What you need to do — Filter the listing below, please, and copy only the lines with the word "family".

Source data —
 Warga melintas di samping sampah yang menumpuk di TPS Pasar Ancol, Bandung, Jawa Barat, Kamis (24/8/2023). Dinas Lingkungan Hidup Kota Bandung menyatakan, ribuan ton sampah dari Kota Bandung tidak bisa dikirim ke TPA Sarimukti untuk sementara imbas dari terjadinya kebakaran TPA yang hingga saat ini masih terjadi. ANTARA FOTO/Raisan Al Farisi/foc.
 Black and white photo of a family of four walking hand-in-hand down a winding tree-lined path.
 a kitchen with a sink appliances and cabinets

--

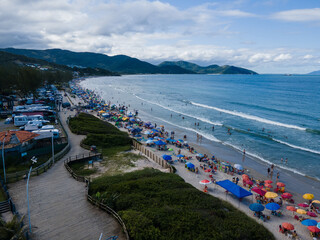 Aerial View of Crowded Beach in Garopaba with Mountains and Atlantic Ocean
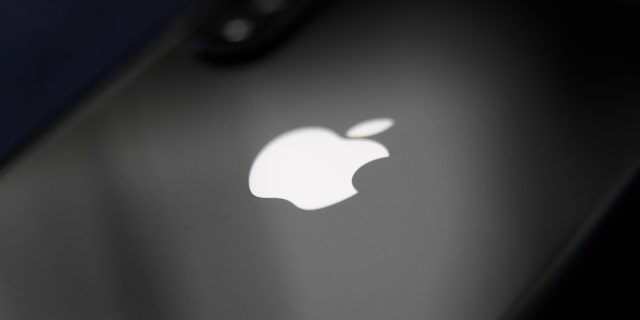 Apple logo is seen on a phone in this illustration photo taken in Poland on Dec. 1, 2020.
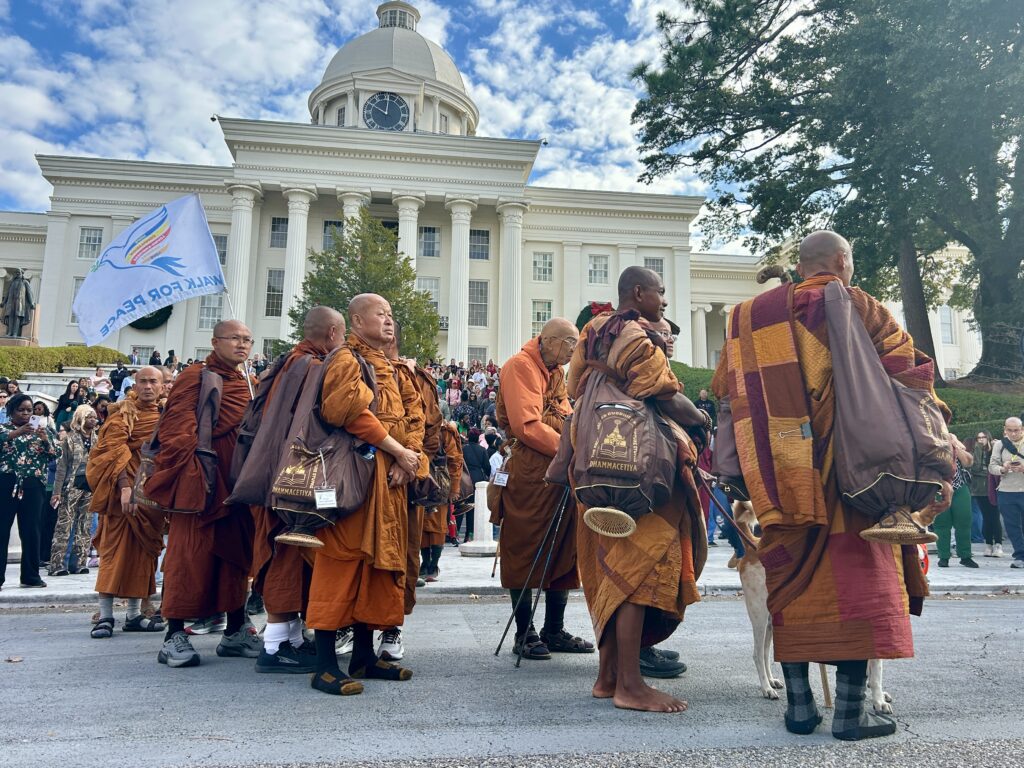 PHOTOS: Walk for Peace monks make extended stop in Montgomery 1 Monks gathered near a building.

---

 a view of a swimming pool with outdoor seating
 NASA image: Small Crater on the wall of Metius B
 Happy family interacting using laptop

Answer —
 Black and white photo of a family of four walking hand-in-hand down a winding tree-lined path.
 Happy family interacting using laptop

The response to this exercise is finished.